2. Een lid van de commissie disciplinaire rechtspraak is geen deken en geen lid van de algemene raad, een raad van discipline of het hof van discipline.
Artikel 2.23b Taakomschrijving commissie disciplinaire rechtspraak
De commissie disciplinaire rechtspraak heeft tot taak tuchtrechtelijke beslissingen te selecteren en desgewenst te annoteren voor publicatie in het Advocatenblad.
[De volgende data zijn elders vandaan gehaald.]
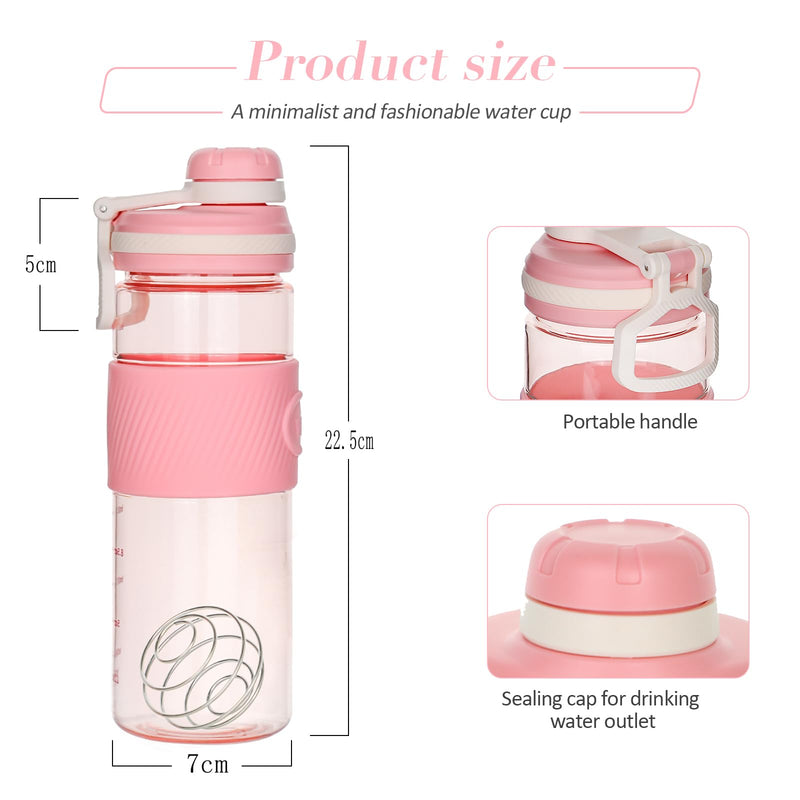 [Australia] - PZMLOASN protein shaker, shaker for protein and sports drinks - for super creamy fitness protein shaker, shaker protein shake 650 ml - durable, leak-proof, gym shaker BPA-free (pink, 650 ml) pink 650 ml 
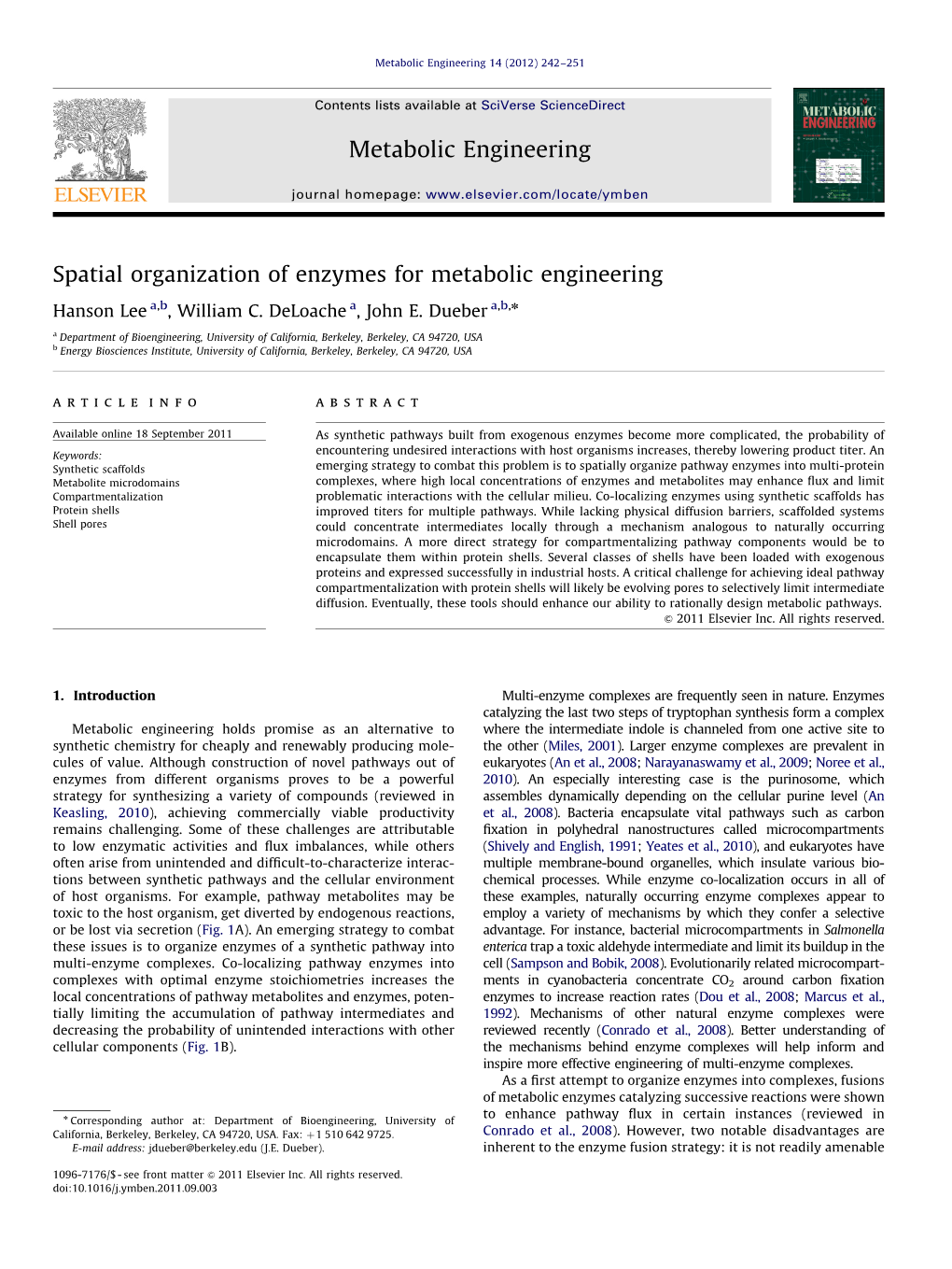 Spatial Organization of Enzymes for Metabolic Engineering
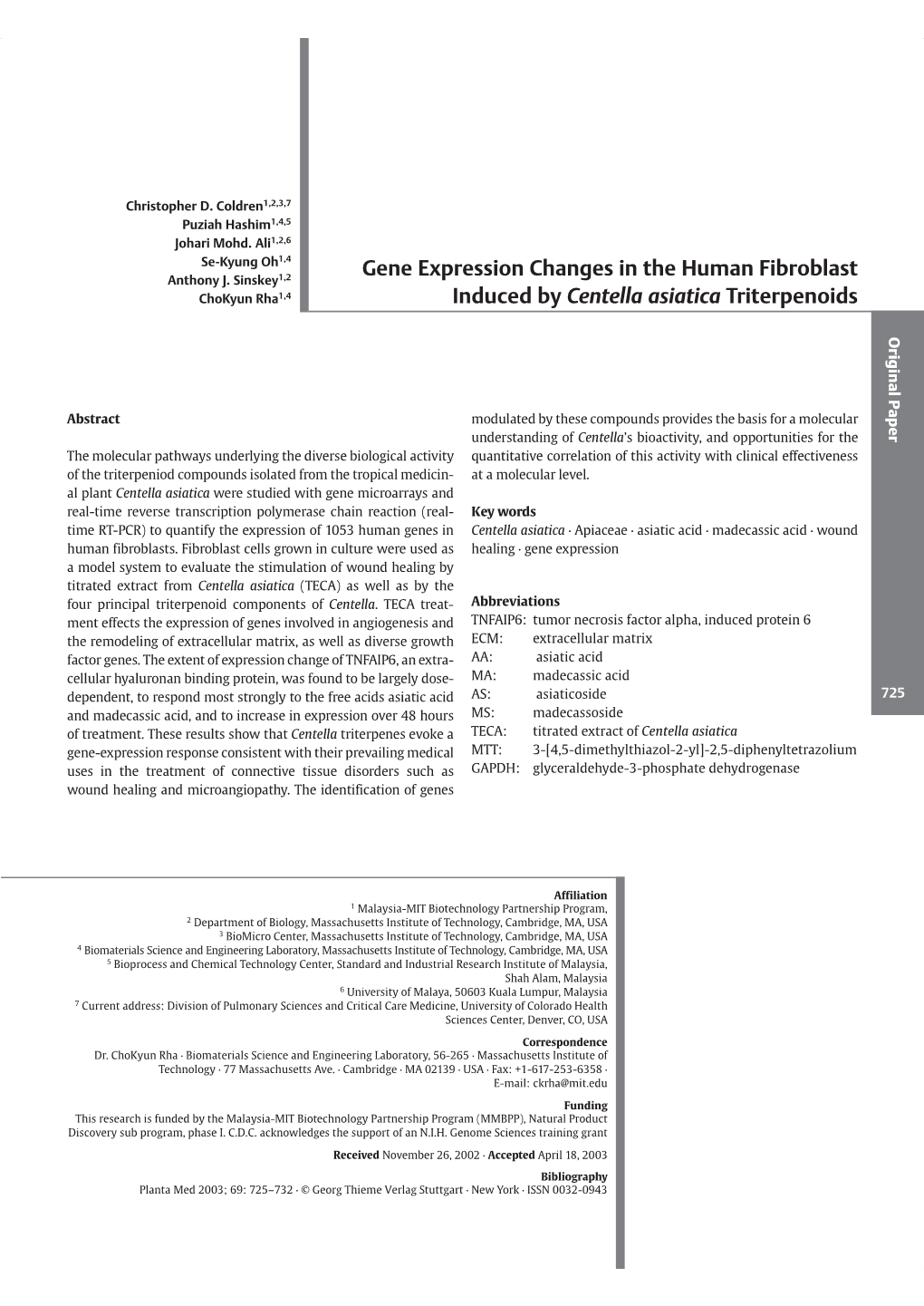 Gene Expression Changes in the Human Fibroblast Induced By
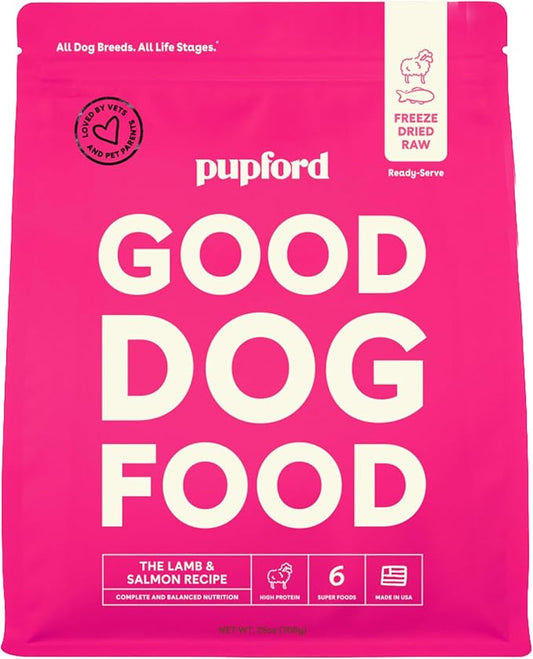 Pupford Good Dog Food, Freeze-Dried Raw, High-Protein, Superfood Ingredients, Vet-Approved, No Fillers or Artificial Additives (Lamb & Salmon Recipe, 25 oz)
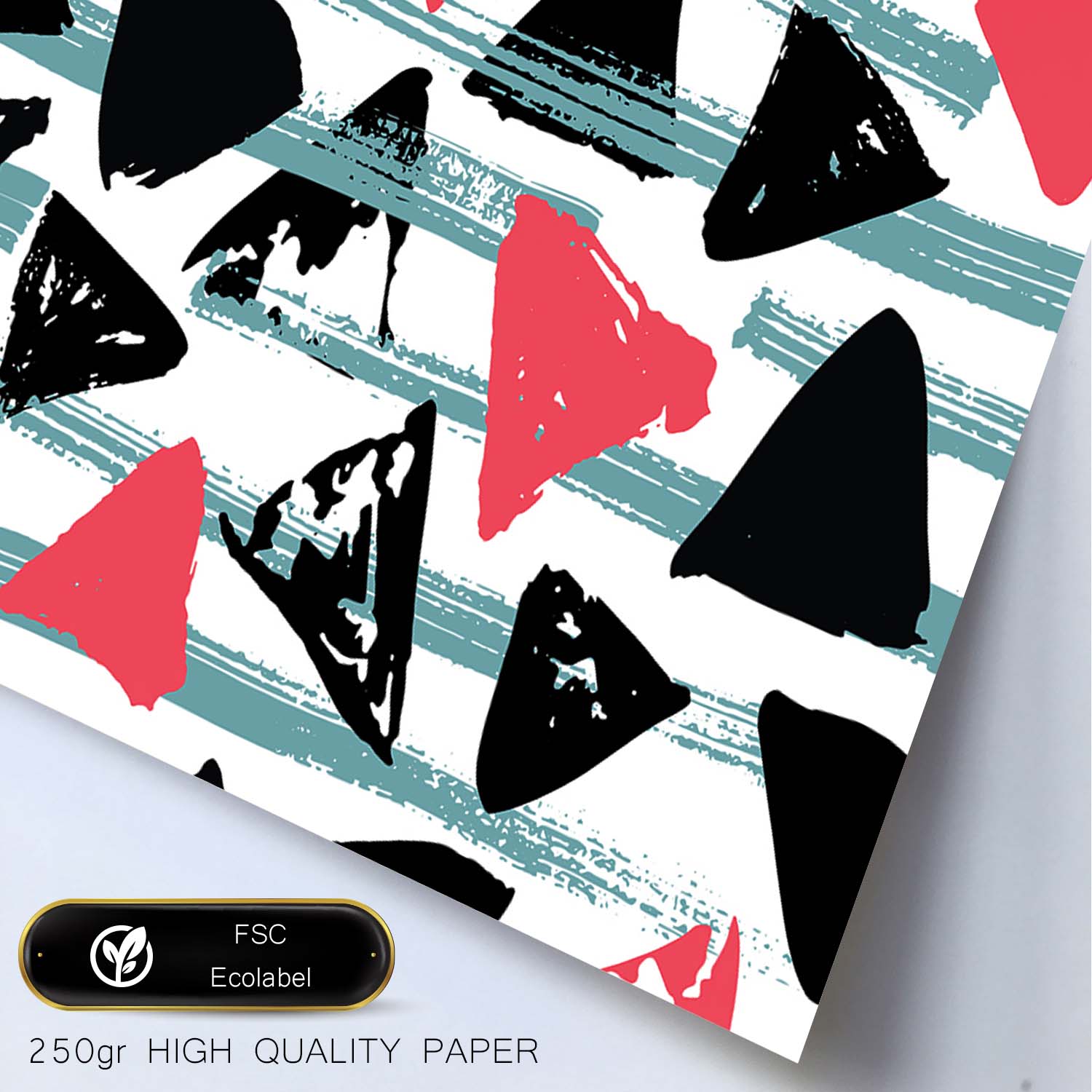 Poster con diseño estampado. Lámina Estampado negro rosa, imágenes con patrones estampados.-Artwork-Nacnic-Nacnic Estudio SL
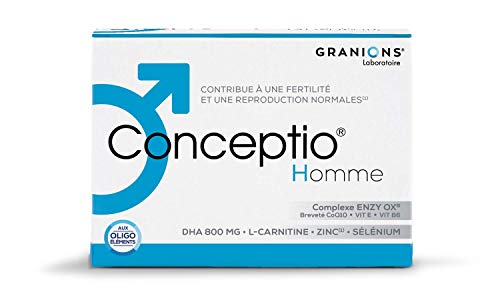 GRANIONS Conceptio Homme - 90 Capsules + 30 Sachets = 30 J - Cpx Breveté enzy Ox (Coenzyme Q10, Vitamine E), L-Carnitine, Dha, Oligoéléments - Fertilité Masculine Laboratoire des Granions 230gr Cover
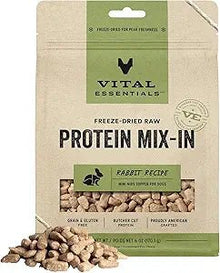 Vital essentials freeze dried raw protein mix in rabbit recipe mini nibs topper for dogs 6oz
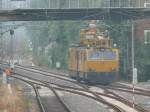 BR 711 Hier wird die Oberleitung an der Ausfahrt vom Bhf Aachen repariert. Ein Thalys hatte diese bei der Ausfahrt abgerissen und so die Verbindung zwischen Deutschland und Belgien w�hrend fast 5 Stunden lahmgelegt. Aufgenommen am 28/06/2009.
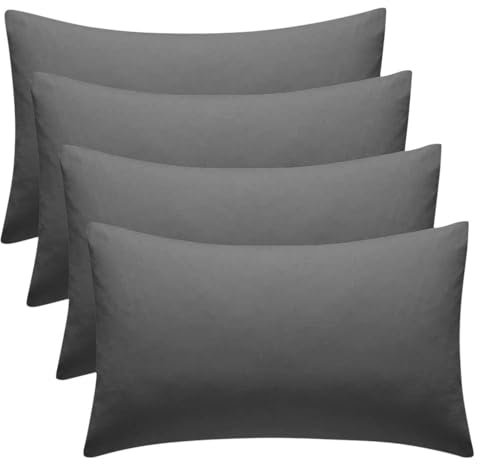 4 Pack Pillow Cases 100% Brushed Microfibre Plain Pillowcases Super Soft Touch Cosy Anti-Allergy Anti Bacterial with Envelope Closure 48 x 75cm Bed Pillow (Black)
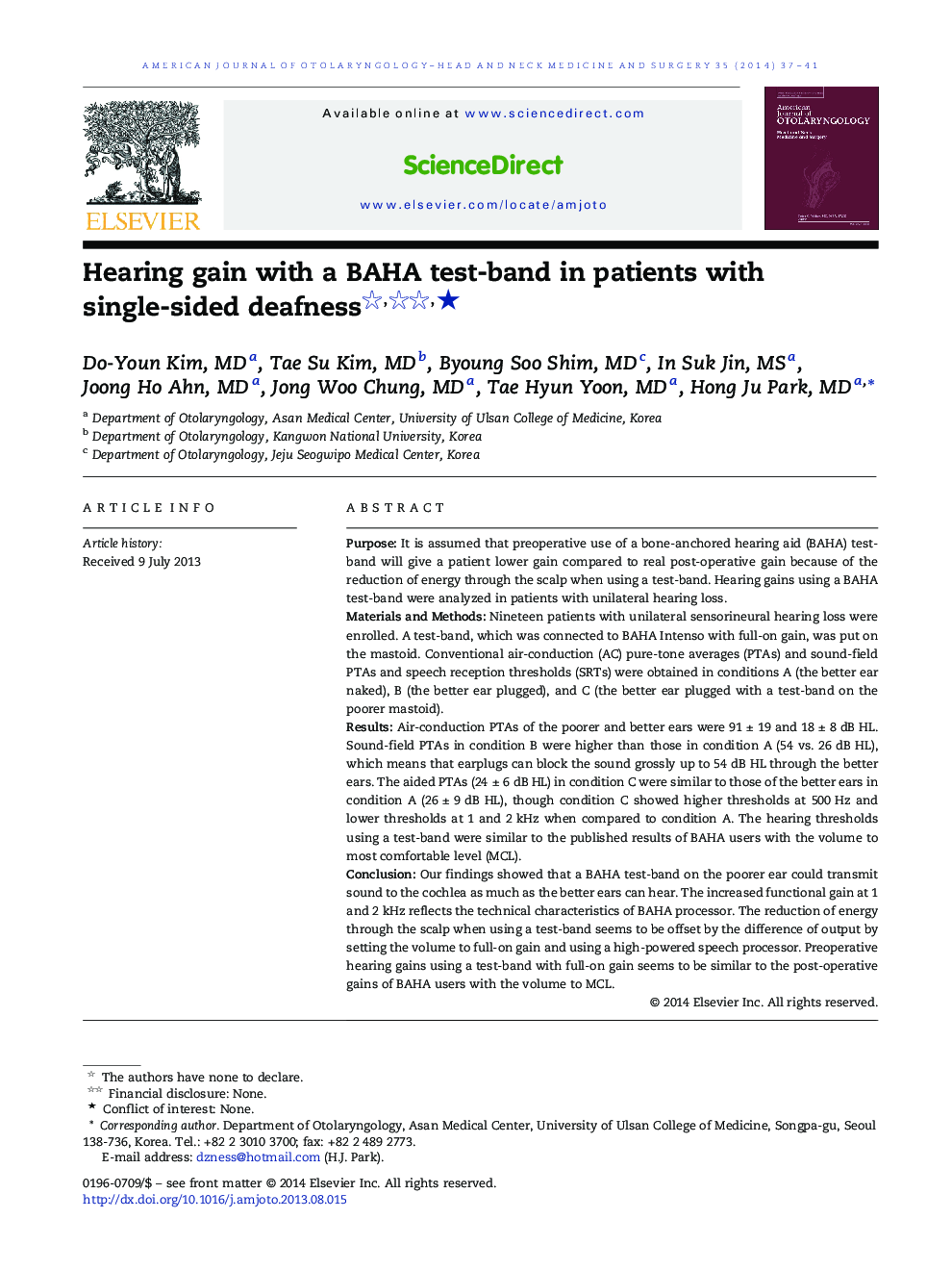 Hearing gain with a BAHA test-band in patients with single-sided deafness ★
Artikel 2.23c Benoeming leden commissie disciplinaire rechtspraak
1. De algemene raad benoemt de leden van de commissie disciplinaire rechtspraak voor een periode van ten hoogste vier jaar.
2. Een lid kan eenmaal worden herbenoemd.
Artikel 2.23d Werkwijze commissie disciplinaire rechtspraak
1. De algemene raad wijst uit de leden een voorzitter aan.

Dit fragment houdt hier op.